Weatherford resident Irene Fry began sewing she was 5 years old in Germany, and she has been hooked ever since.
“My aunt had an old Singer brand sewing machine which you had to crank with your left hand and feed it with your right,” Irene said. “It wasn’t fast or anything, but I made little doll dresses, pillows and other small items.”
Irene said her aunts would give her scraps of fabric left from her own projects. When she moved to the United States to marry her husband Elton Fry, Irene was introduced to quilting after admiring a quilt at her mother-in-law’s house. Since then, quilting has been one of her biggest passions.
“For a while, I did the quilts by hand because I didn’t have a sewing machine,” Irene said. “Now I have a really nice sewing machine to make them with.”
To date, Irene has made only two quilts by hand, and she takes good care of them.
Irene has made many, many quilts throughout the years. While she doesn’t keep them, she keeps pictures of the projects in her “braggy book.” She keeps some of the quilts, but most make their way to family and friends.
“I don’t need any more blankets — I just love the make them,” Irene said.
However, she does keep some for herself.

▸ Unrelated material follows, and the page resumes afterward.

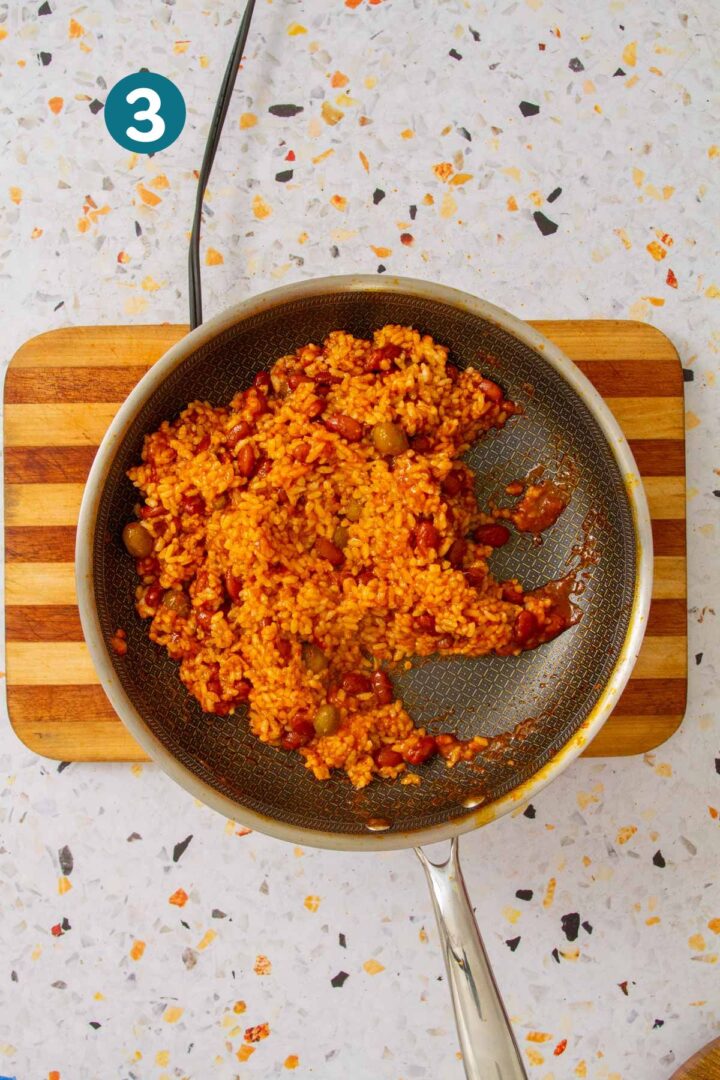 Skillet of arroz mamposteao with rice, beans, and olives fully mixed together.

The Frys have a “wedding ring” patterned quilt in one bedroom. Irene also made a quilt out of old United States Post Office patches for her husband Elton.
Irene’s quilts make their way to her daughters, especially the one who lives in Denver because “it’s cold up there.” Irene has made quilted baby blankets and table runners in addition to fullsize quilts. The projects have a mix of tradition patterns such as wedding ring, fan and bear paw as well as more creative patterns such as figures of children, kites, pinwheels, dolls dresses or fish.
One time, Irene made a quilt out of more than 260 pictures.
She draws inspiration from her monthly quilting magazine subscriptions and the collection of fabric pieces in her workroom.
Before the COVID-19 pandemic began, Irene was an active member of the Clinton Quilting Guild. She also taught a sewing class at the Pioneer Center in Weatherford, where she has had quilts on display.
After the Pioneer Center closed to the public, Irene continued to work on the class’s project — piecing a quilt which would be donated to disaster relief. Before that, the group made holiday table runners for personal use.
Since the pandemic began, Irene has spent more time on her hobby.
It keeps my mind occupied,” she said. “I’m not worried so much when I sew or cut out fabric pieces. I feel like I’m doing something. It makes you feel good.”
In addition to quilting, Irene also enjoyed quilting. She has made crocheted baby blankets, Christmas stockings and other holiday decorations.